O criminoso sujo é matéria-prima para que o criminoso limpo tente manter intacta a anormalidade de sua vida normal.
Josias de Souza
Num instante em que o governo prepara o lançamento de uma campanha publicitária para trombetear as realizações de Michel Temer, o Supremo Tribunal Federal joga lama no chope do presidente. Em apenas quatro dias, Temer foi empurrado para dentro de um inquérito sobre propina da Odebrecht e teve o sigilo bancário quebrado em investigação sobre a troca de favores portuários por mais propina. As novidades enferrujam a pretensão do Planalto de influir na sucessão.

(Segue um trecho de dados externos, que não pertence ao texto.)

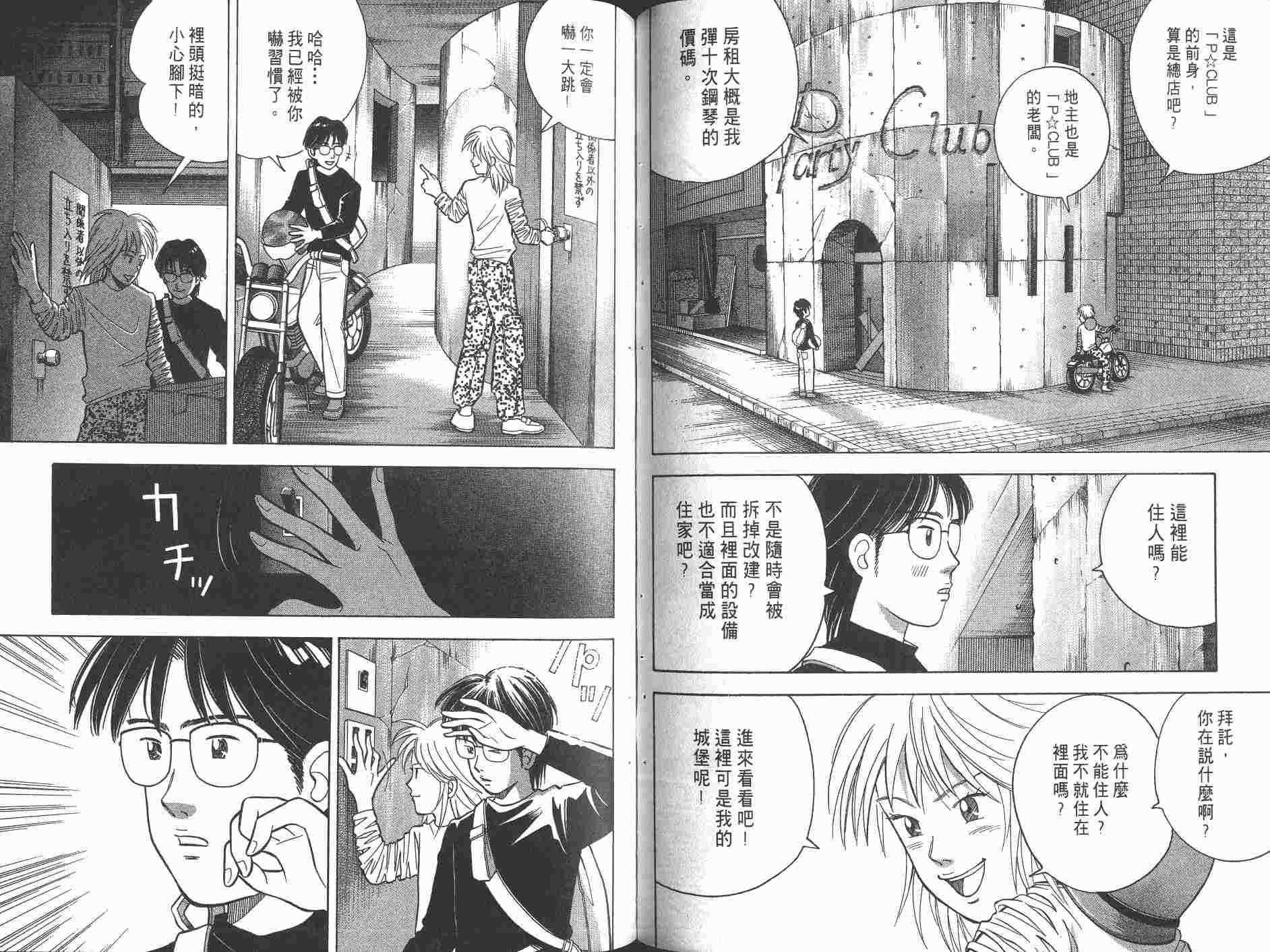 森林中的钢琴师 第8卷 第97页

Há na praça uma espécie de presidente dois em um. O Temer denunciado duas vezes e varejado num par de inquéritos é assustador. O Temer “reformista” e “corajoso” é um homem realizado, com o qual muitos gostariam de trocar um dedo de prosa sobre tudo o que hove depois que ele deixasse a Presidência —de preferência na semana que vem. Mas é impossível não tratar os dois como um só, pois a falta de ética do primeiro anula a boa intenção do segundo.

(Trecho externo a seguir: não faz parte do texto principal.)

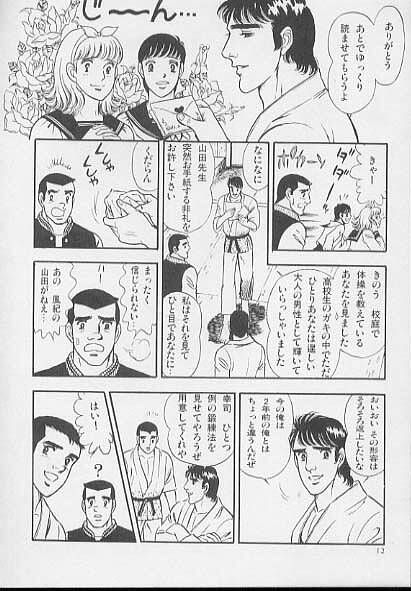 兄貴にド・キ・ド・キ page 12 full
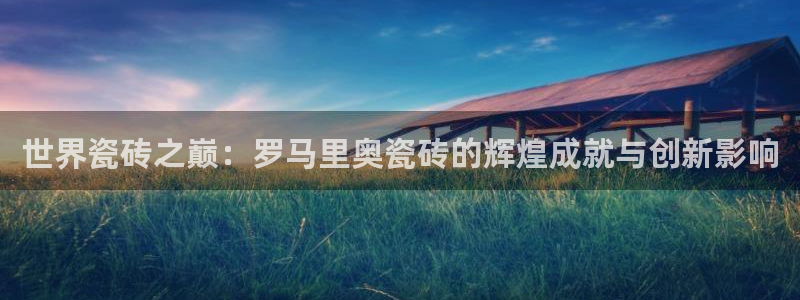 万事娱乐方案编号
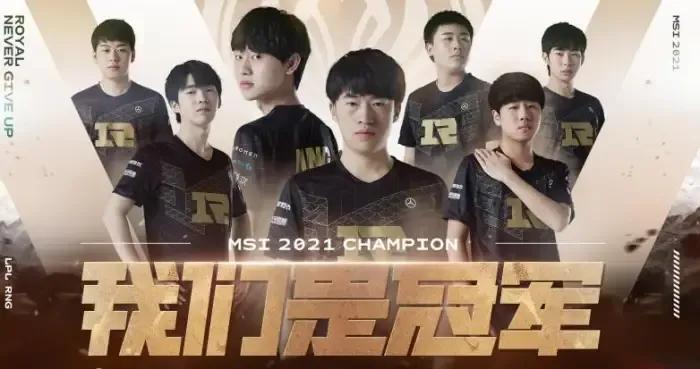 RNG失利无所谓,自然美景呼唤你!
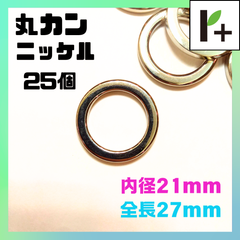 丸カン ニッケル 内径21㎜ 全長27㎜ 25個 マルカン　<ym_25_0130_01F>
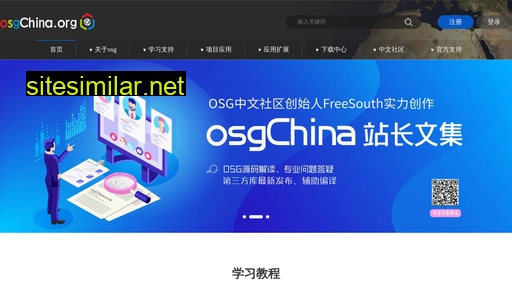 osgchina.org alternative sites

Após decretar intervenção federal na segurança do Rio de Janeiro, Temer assiste à intervenção judicial em sua biografia. As iniciativas dos ministros Edson Fachin (caso Odebrecht) e Luís Roberto Barroso (quebra do sigilo bancário) são pedagógicas. Ajudam o brasileiro a entender que está lidando com dois tipos de criminosos: os absolutamente sujos, que operam nas cadeias e nas favelas, e os supostamente limpos, que atuam nos gabinetes.

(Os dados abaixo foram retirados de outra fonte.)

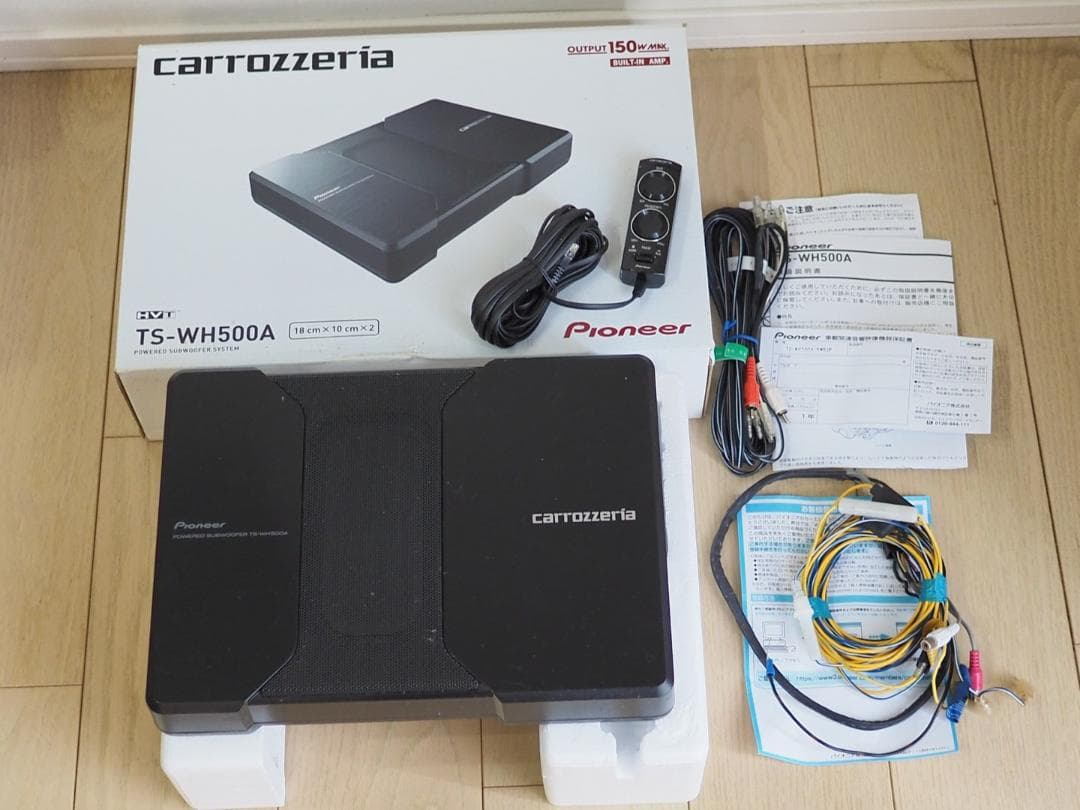 Pioneer カロッツェリア TS-WH500A ウーファー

O criminoso sujo é matéria-prima para que o criminoso limpo tente manter intacta a anormalidade de sua vida normal. Ao decretar guerra ao crime organizado do Rio, Temer manteve viva a realidade paralela que construiu para viver com seus amigos. Ao intervir nas contas do presidente e do seu séquito de amigos, o Supremo retira de Temer e Cia. a proteção de habitarem numa ficção.